Emergency managers use technology to coordinate disaster response
With lessons learned from deadly Nebraska tornadoes, emergency managers prepare for severe weather with an eye on how technology can help.
Emergency managers have started issuing badges at disaster scenes.
There's a visual element to the IDs. Different colors represent different things, so they know who's supposed to be where.
Hamilton County Emergency Management Director Kirt Smith said, “We know they're on scene, we know how long they've been on scene, and when they leave. We make sure we're not leaving anybody behind, where somebody got lost or something happened to them. It also keeps track of our hours if it's going to be a disaster declaration or something like that.”
And what once took a room full of computers, they can now with apps on their phone.
Smith said, “I can talk to all my responders, I can hear if there's a call going on. National Weather Service, I can communicate with them. I can communicate with you through social media, direct messages to media.
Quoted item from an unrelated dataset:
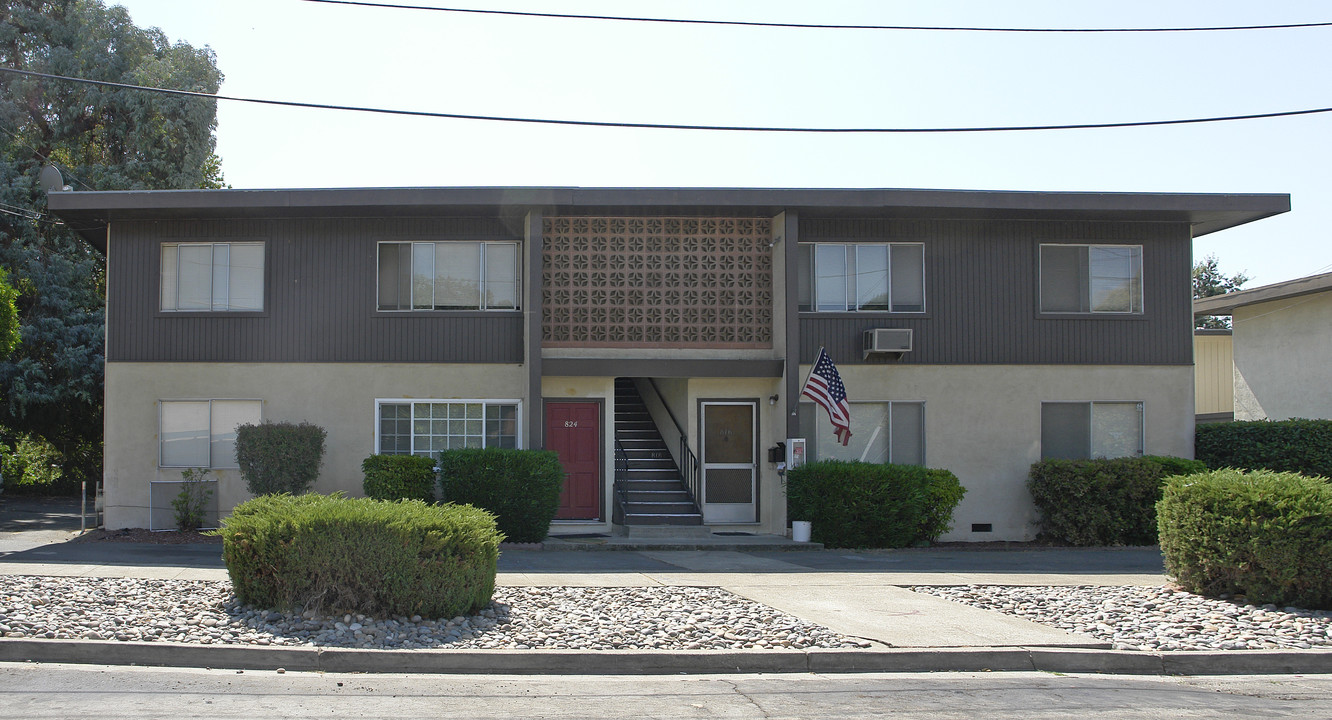 816 Robinson St in Martinez, CA - Foto de edificio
With the system today we can use apps on our phone to scan these cards so we don't have to be tied to the computer anymore.”
That ID system is also used at Memorial Stadium in Lincoln, to coordinate law enforcement and volunteers, and has also been used in major disasters the last few years like the tornadoes in Pilger and Beaver Crossing.
And when severe weather hits, they still rely on trained spotters, but they also use reports from social media to get a sense of what's actually going on.
The Nebraska Association of Emergency Management held its annual conference in Grand Island.